• **AIM OF THE TASK**: Reply with one number: the count of lines in the data that hold the string "image".
--- RECORDS Enclosed Below ---
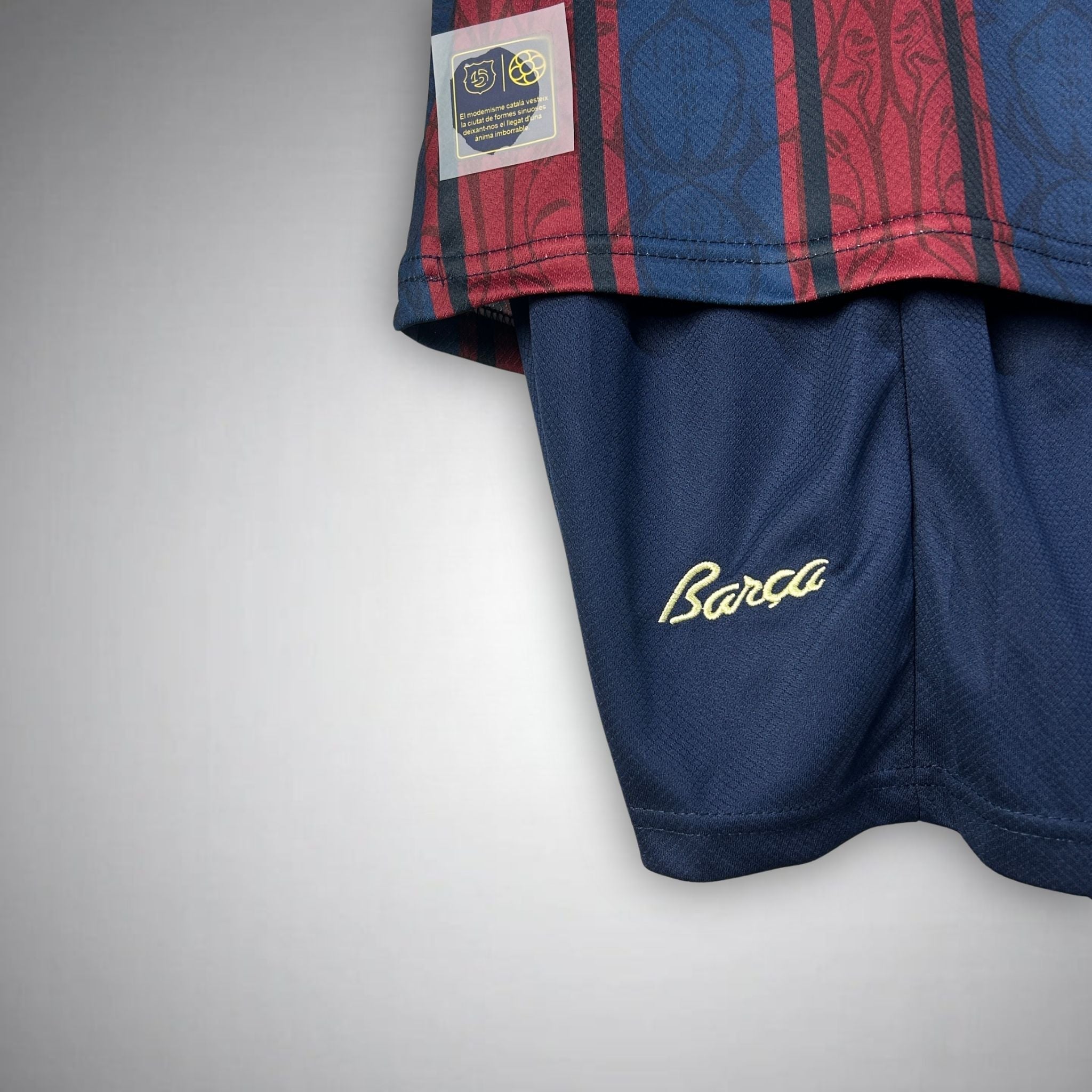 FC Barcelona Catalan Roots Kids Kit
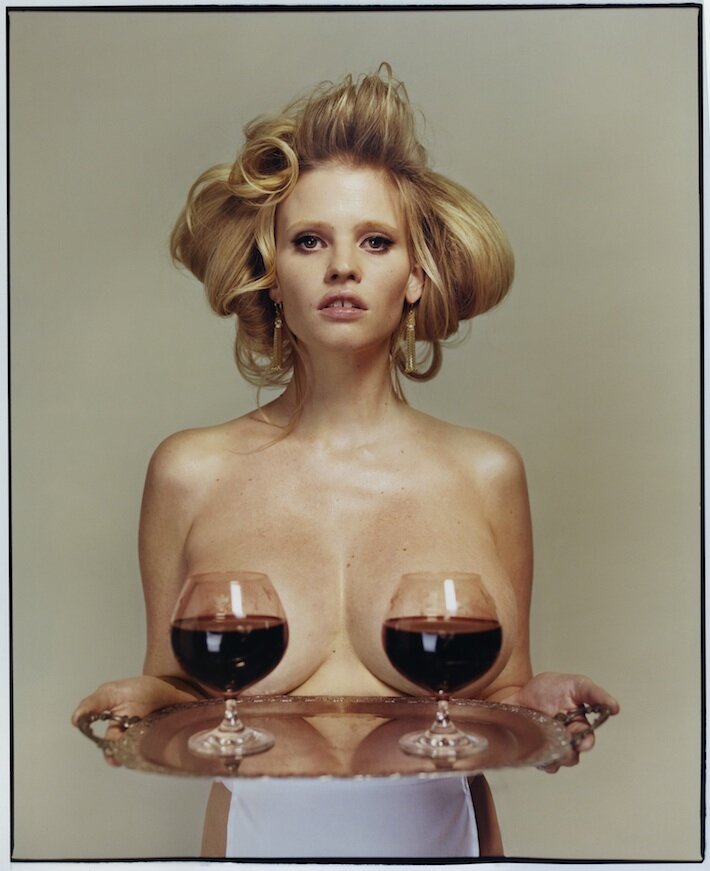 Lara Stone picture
--- End of Enclosed RECORDS ---
--- RECORDS Enclosed Below ---
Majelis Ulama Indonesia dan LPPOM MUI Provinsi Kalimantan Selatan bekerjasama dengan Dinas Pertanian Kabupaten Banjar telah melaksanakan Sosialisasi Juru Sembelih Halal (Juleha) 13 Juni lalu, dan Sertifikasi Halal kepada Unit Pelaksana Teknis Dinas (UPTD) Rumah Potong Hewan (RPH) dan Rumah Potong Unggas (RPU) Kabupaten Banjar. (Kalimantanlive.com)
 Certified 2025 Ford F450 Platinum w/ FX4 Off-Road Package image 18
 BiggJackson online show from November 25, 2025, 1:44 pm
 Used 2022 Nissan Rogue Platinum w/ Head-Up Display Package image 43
--- End of Enclosed RECORDS ---
--- RECORDS Enclosed Below ---
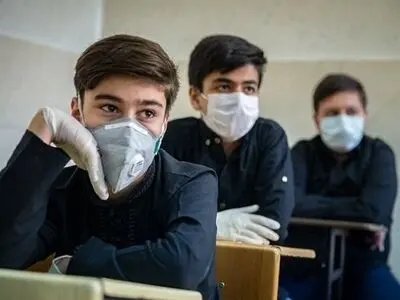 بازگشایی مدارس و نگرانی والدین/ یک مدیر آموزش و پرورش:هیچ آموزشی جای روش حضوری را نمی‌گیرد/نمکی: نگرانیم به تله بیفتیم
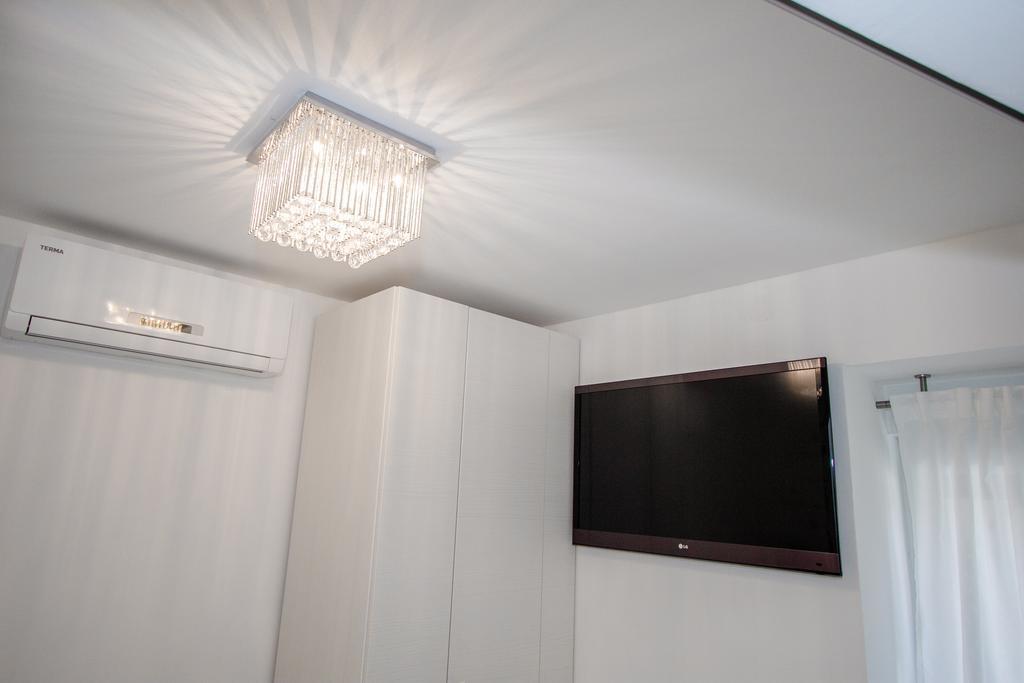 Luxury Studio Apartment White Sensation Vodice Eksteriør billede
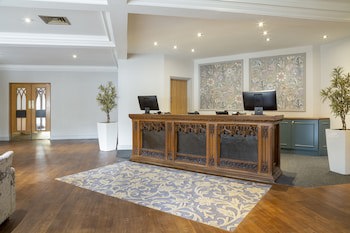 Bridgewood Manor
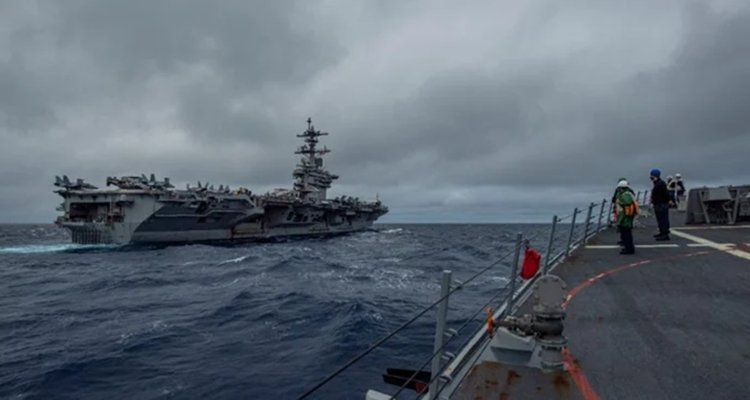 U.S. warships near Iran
--- End of Enclosed RECORDS ---
• **SOLUTION BELOW**: 2